As the Diocese of Rockville Centre implements a buyout plan for up to 1,500 employees, the church may look increasingly to volunteers to help provide services, officials said.
One reason the church has fallen into tough times financially is because it now pays people to do work previously done by many volunteers including priests, nuns and lay people, diocesan spokesman Sean Dolan said Tuesday.
While not an "integral" part of the diocesan reorganization, welcoming back current workers as volunteers in the future will be permitted, Dolan said.
"The beauty about this program is that any of our people can come back as volunteers," said Charles Trunz III, the diocese's new chief operating officer who is overseeing the reorganization. "There are many, many opportunities to volunteer and help our church."
Dan Bartley, national head of Voice of the Faithful, a group often critical of the church hierarchy, said inviting back workers as volunteers "sounds like a very callous approach to people's livelihoods especially during such difficult economic times." He suggested the diocese use some of its operating surplus to support the workers.
Dolan said the buyout plan is not "looking to replace a paid person with a volunteer person to do comparable work." He added the church is "still basically a paid model."
But Our Lady of The Miraculous Medal in Wyandanch may serve as a model of the future church, said its pastor, the Rev.
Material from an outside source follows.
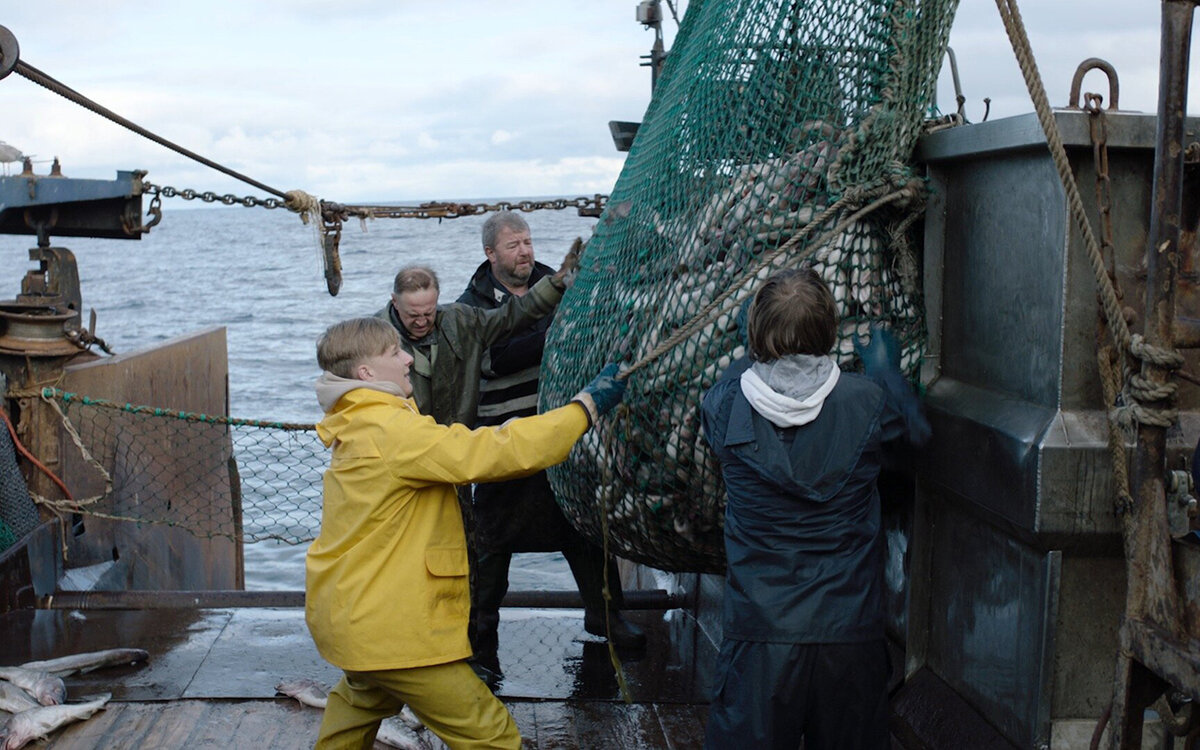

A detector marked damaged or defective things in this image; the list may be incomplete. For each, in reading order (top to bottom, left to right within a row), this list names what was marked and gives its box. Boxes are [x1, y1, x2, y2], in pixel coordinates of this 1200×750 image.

rusted metal post [1108, 2, 1195, 744]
Bill Brisotti. The parish has just a handful of employees and numerous volunteers.
Trunz publicly discussed the voluntary separation plan for the first time Monday. It affects up to 25 percent of the diocese's workforce of 6,000 and includes directors of religious education, secretaries, outreach workers, some teachers, and administrators. Workers have until late March to decide.
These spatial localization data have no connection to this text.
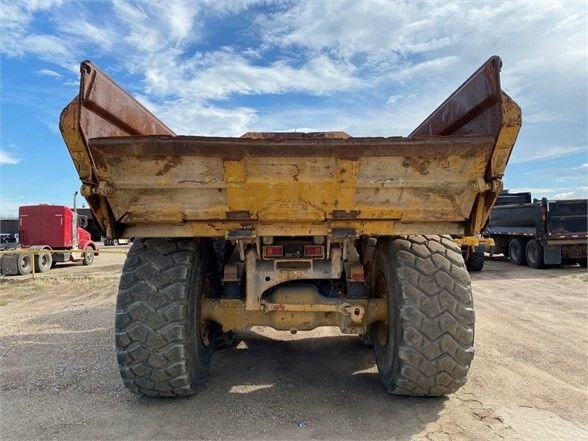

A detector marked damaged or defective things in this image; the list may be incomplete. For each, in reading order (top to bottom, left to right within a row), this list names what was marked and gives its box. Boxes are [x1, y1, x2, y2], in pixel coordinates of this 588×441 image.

rusty dump bed [58, 57, 520, 241] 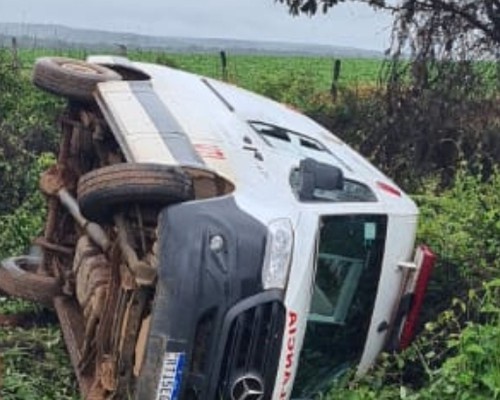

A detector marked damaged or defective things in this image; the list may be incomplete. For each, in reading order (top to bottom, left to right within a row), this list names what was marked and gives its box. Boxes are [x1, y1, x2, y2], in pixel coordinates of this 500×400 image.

detached tire [32, 57, 122, 102]
detached tire [77, 164, 194, 223]
detached tire [0, 258, 61, 304]
broken windshield [292, 214, 386, 398]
Meanwhile, Voice of the Faithful members contend the reorganization will place more power in the hands of Bishop William Murphy. The diocese's plan calls for creating a diocesan Center of Excellence to provide services to parishes in administration, finances, legal work, building and construction, and human resources, Trunz said.
Dolan acknowledged the move will create more centralization, but said that could be good.